R2 Files loading Blank Page

I've had a bunch of foldered files that make up a training course package stored in R2 for a while (over a year). At the root of the folder is an html file (index.html or story.html) that when accessed would load the training material using the other files within the folder structure. This has worked for over a year until this week it all stopped working. I've tried: -deleting the files and re-uploading -messing with CORS -creating a fresh bucket -tried multiple methods of uploading (GUI, API, S3-Browser, CyberDuck) Nothing seems to work and the only errors i get are 404 for select files that the index.html is trying to call within the same folder. I suspect this is related to multipart upload issues but I cannot get the files to upload correctly, which i note was not an issue in the past. This also doesn't explain why the previous batch of uploaded folders/files that were working all the sudden stopped.
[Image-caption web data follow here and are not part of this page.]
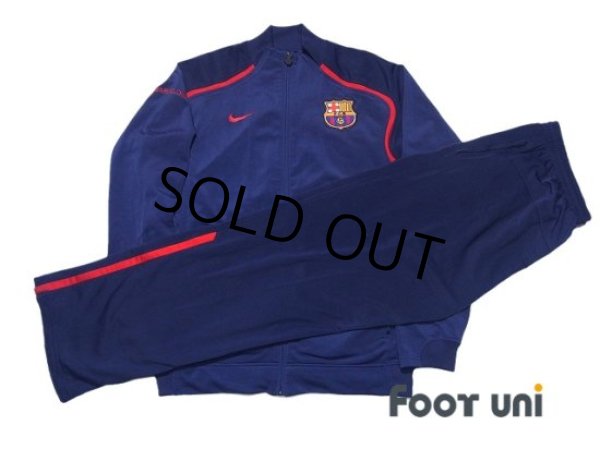Photo1: FC Barcelona Track Jacket and Pants Set (1)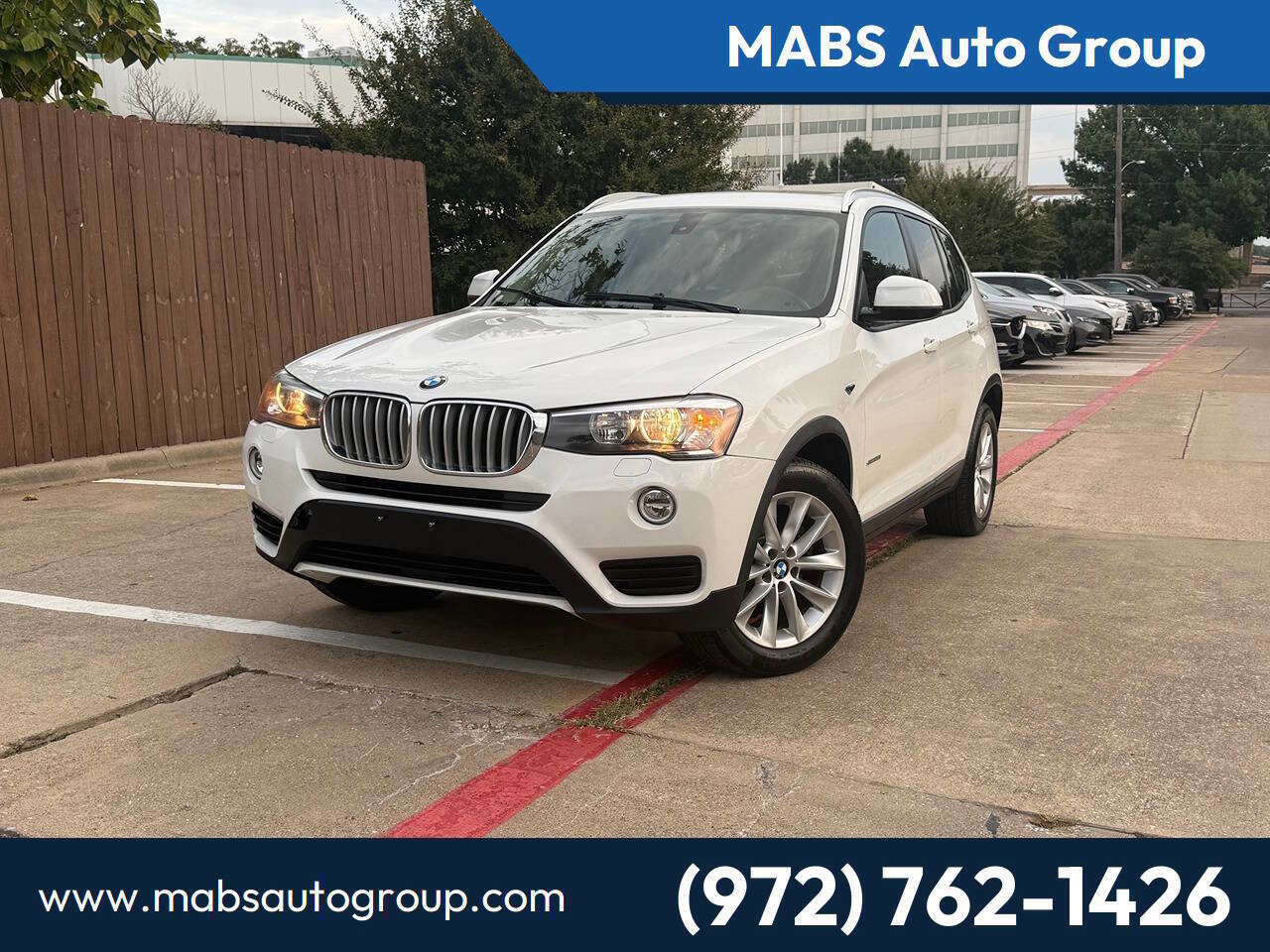Used 2017 BMW X3 sDrive28i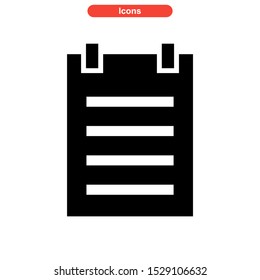 notepad icon isolated sign symbol vector illustration - high quality black style vector icons
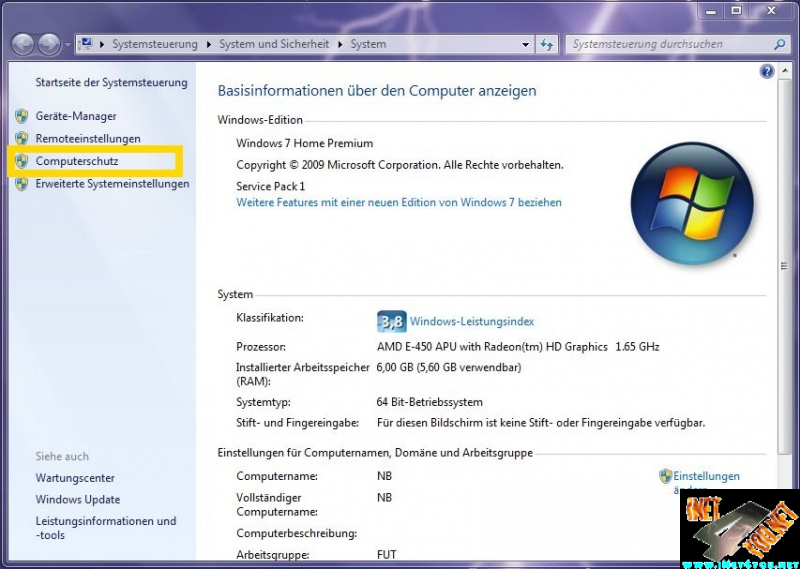 Systemwiederherstellung deaktivieren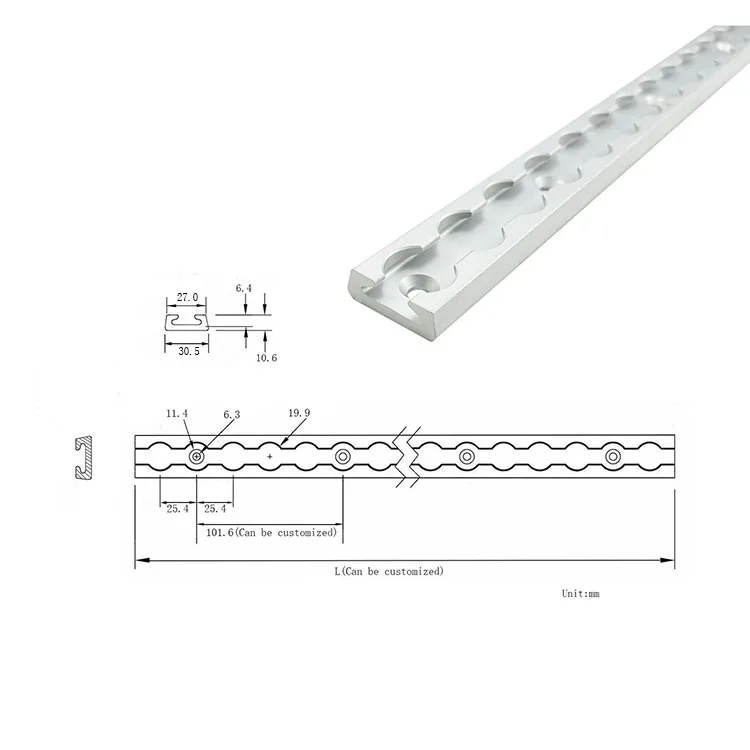 Single Stud Anchor Point Tie Down Logistic Track Anodized Truck Load Angled Aluminum Airline Cargo L Track for Trailer Beds supplier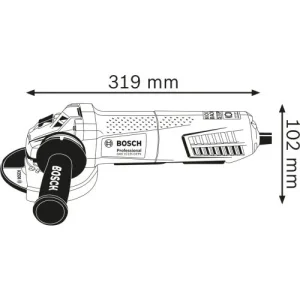 Meuleuse Angulaire Bosch GWS 15-125 CIEPX Professional 1500 W – 0601796306 soldes de Noël 18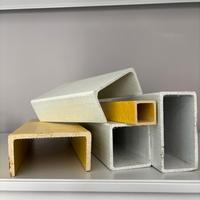 Profils Pultrudés en PRV pour Poutres Murales de Bâtiments Portables, Résistants au Feu et aux Intempéries, pour la Fabrication et l'Infrastructure de Construction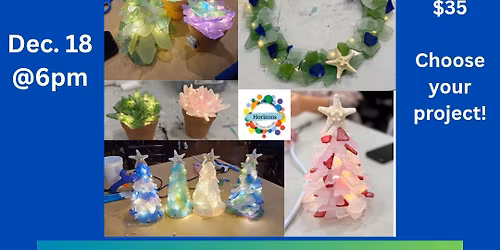 Mini Sea Glass Art @ Nour Coffee Shop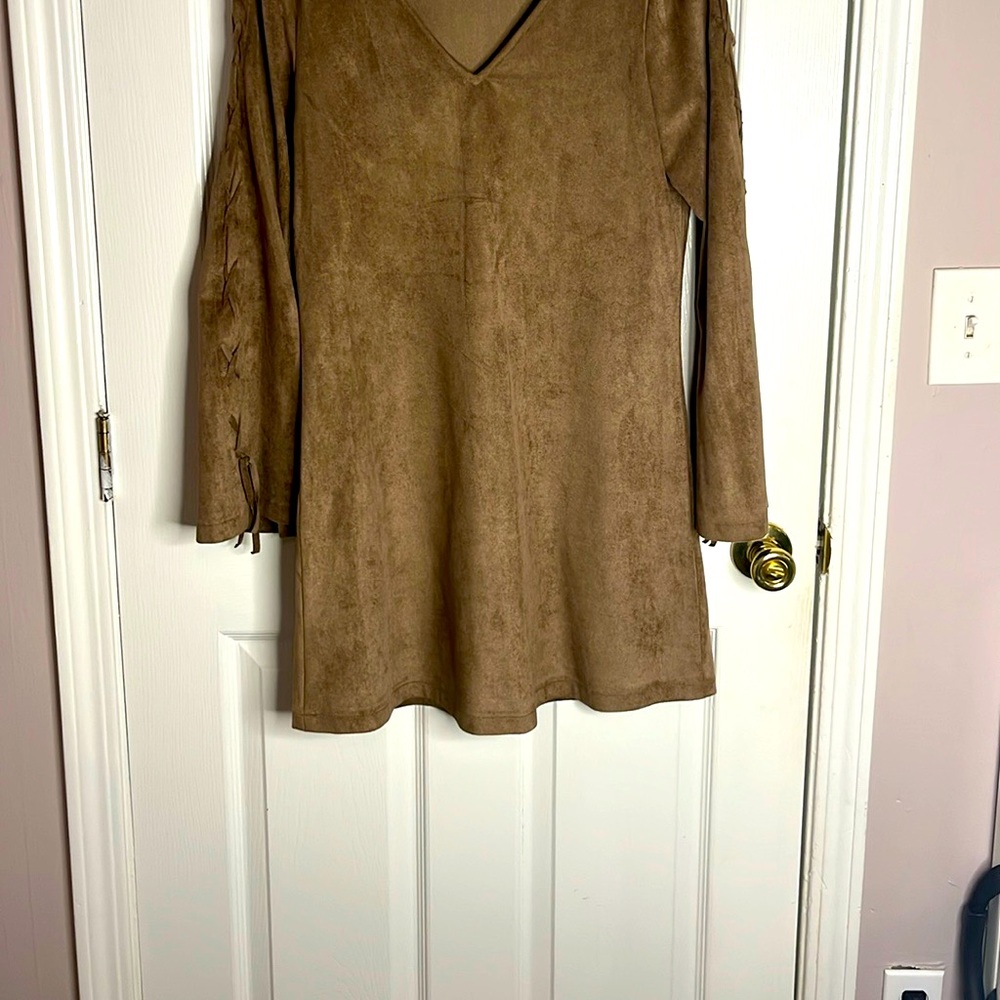 Union on Angels Faux Suede Dress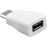 USB-C-> 2.0microB M / F, (USB2.0) адаптер, HQ, белый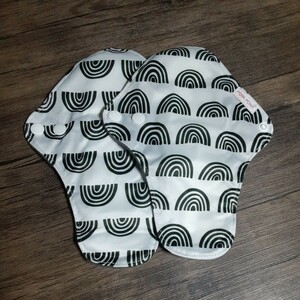 [ new goods unused ] fabric napkin 2 sheets normal. day ~ a little many day for hand made menstruation supplies thick bamboo charcoal fiber 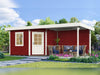 Weka Gartenhaus 213 Plus Gr 2 schwedenrot Anbau 300 cm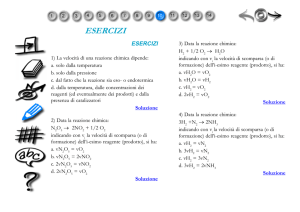 esercizi - Corsi di Laurea a Distanza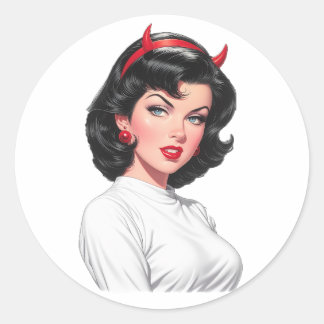 Little Devil Classic Round Sticker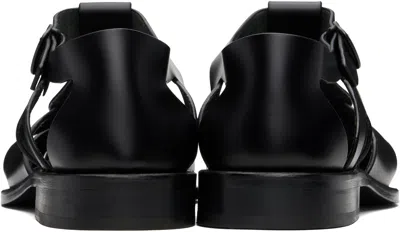 Hereu Black Pesca Sandals In Black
Looking for guidence on how i should be uploading these files correctly so that it completes with all files in there correct place. For references the total folder size is 400+MB with about 200+ individual files ranging from bytes/kbs all the way to 1, 5, 10, or even 50MB for some videos and pictures. Hence the need for proper Multipart Uploading. Outside of that, looking for any insight as to what might have changed on CF's and how they are handling html files stored and served from R2?
24 Replies
Chaika
Chaika2mo ago
Did you get this working? I saw you asked some questions in #r2 rclone is indeed a really helpful and useful tool that should just work, shouldn't even need to mess with its settings for simple transfers
For references the total folder size is 400+MB with about 200+ individual files ranging from bytes/kbs all the way to 1, 5, 10, or even 50MB for some videos and pictures. Hence the need for proper Multipart Uploading.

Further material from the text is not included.